Indoor environmental quality (IEQ) influences occupants’ satisfaction, health, and performance, and is especially consequential in educational settings where it can affect well-being and cognitive outcomes. This study aims to evaluate whether a multimodal artificial intelligence approach, specifically a Multimodal Transformer (MulT), can estimate current IEQ conditions in real-world educational spaces more effectively than conventional approaches that rely primarily on single-modality physical measurements. The work targets real-time, holistic IEQ estimation that better reflects how multiple environmental cues co-occur in occupied rooms.
Data were collected in four educational-space scenarios: a faculty conference room, a hybrid laboratory with machinery, and two standard classrooms. Time-lapse RGB images and synchronized sensor measurements (air temperature, relative humidity, CO2, TVOCs, PM1, PM2.5, PM10, and occupancy rate) were recorded at 5-min intervals for 7–8 days per scenario. A MulT architecture was trained to fuse images and sensor streams and estimate IEQ-related variables in a single forward pass. The pipeline, model design, training regimen, and evaluation protocol were specified to support reproducibility.
Across 4,945 paired image–sensor samples, the proposed MulT model achieved approximately mean squared error (MSE) = 2.99 and mean absolute error (MAE) = 0.88 on a held-out test set. Test performance closely matched validation results, indicating robust generalization across the measured scenarios. The results show that multimodal fusion can accurately estimate concurrent IEQ factors under real operational conditions, supporting the feasibility of near real-time IEQ assessment in educational environments. The reported workflow and evaluation setup enable direct comparison in future studies and benchmarking across alternative architectures or sensing configurations.

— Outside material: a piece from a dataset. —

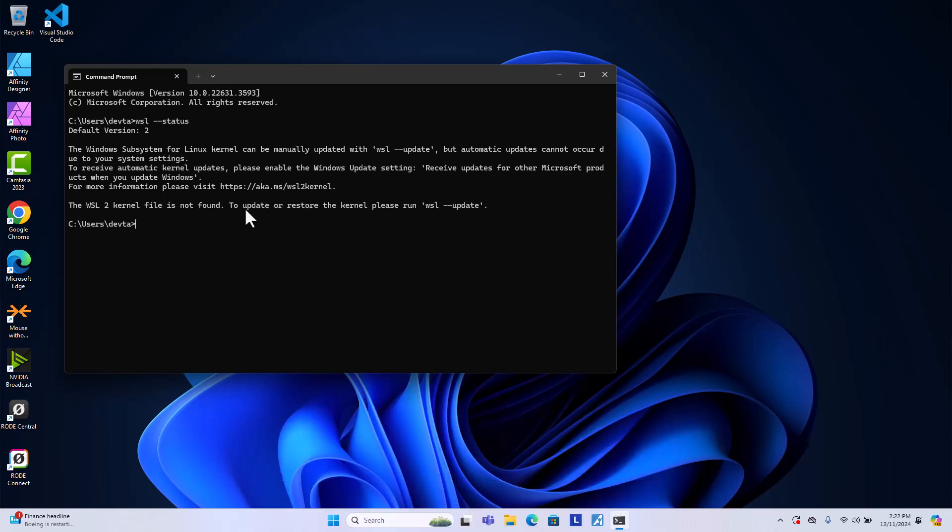The next step, I just want you to update WSL to get the latest version before we install Linux on WSL. And if it asks you anything, for example, user account control, just hit yes.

This work contributes a reproducible, real-world demonstration of MulT modeling for concurrent, real-time estimation of IEQ factors in educational settings using synchronized visual and environmental sensing. Unlike conventional single-modality approaches, the method integrates room imagery with physical measurements to capture contextual cues that accompany IEQ variation. The approach is transferable to other indoor environments and can serve as a foundation for operational deployment, including alert and decision-support frameworks when combined with time-series forecasting and explicit performance thresholds. The study provides a structured baseline for multimodal IEQ research and practical monitoring systems.